Task to complete >> Every line from the one with "Designer building a" to the end of the listing, and nothing else, is to be printed exactly; please leave the pictures out.

Data excerpt >>

========

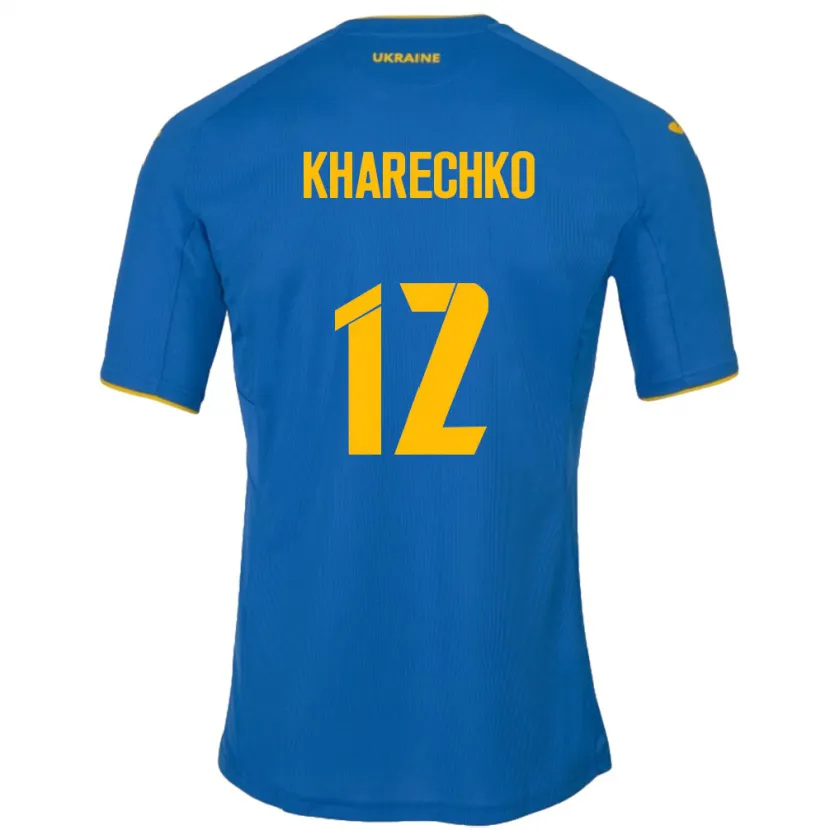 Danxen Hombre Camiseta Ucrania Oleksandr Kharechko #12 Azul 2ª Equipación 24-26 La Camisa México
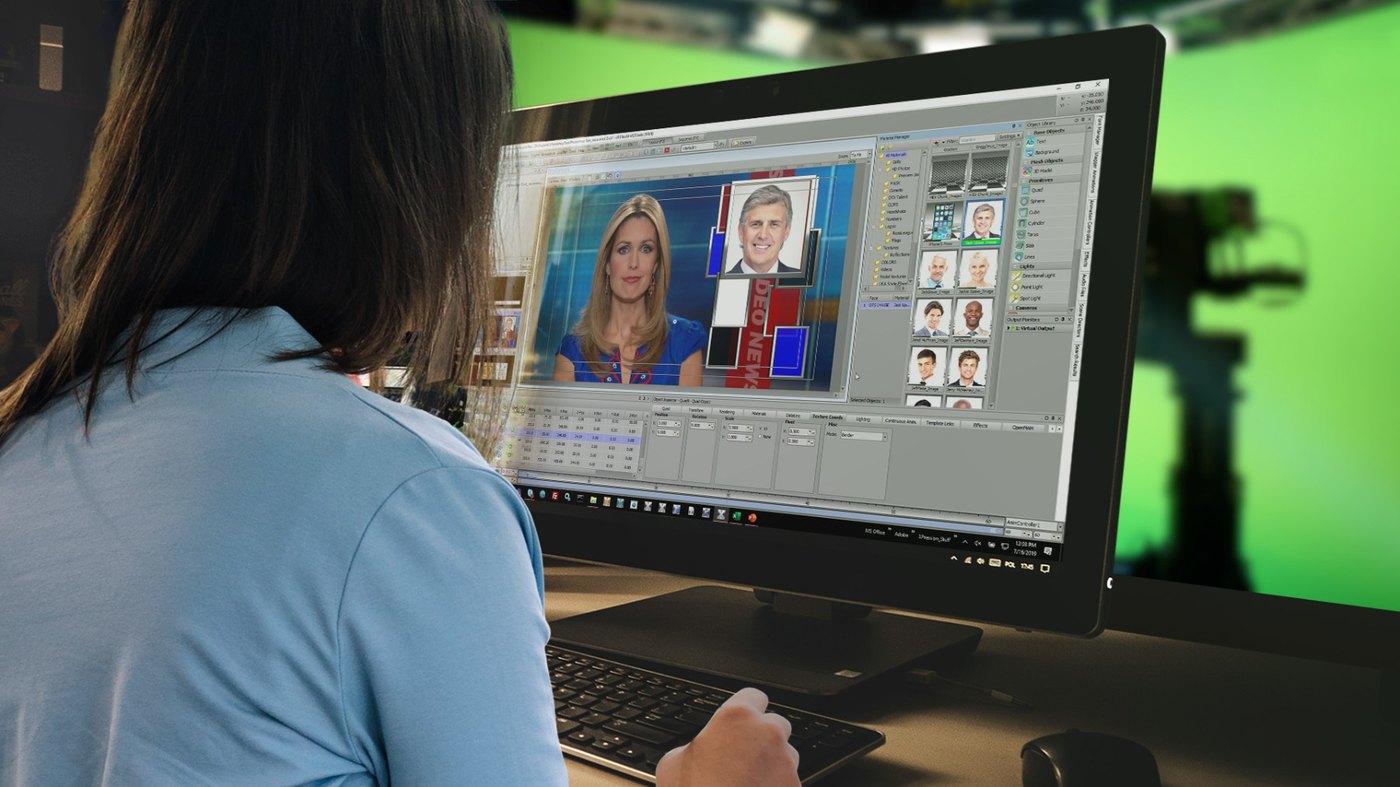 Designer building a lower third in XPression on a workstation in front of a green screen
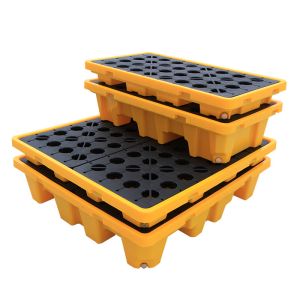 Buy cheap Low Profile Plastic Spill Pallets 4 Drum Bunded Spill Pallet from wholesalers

========

Response box >>
 Designer building a lower third in XPression on a workstation in front of a green screen
 Buy cheap Low Profile Plastic Spill Pallets 4 Drum Bunded Spill Pallet from wholesalers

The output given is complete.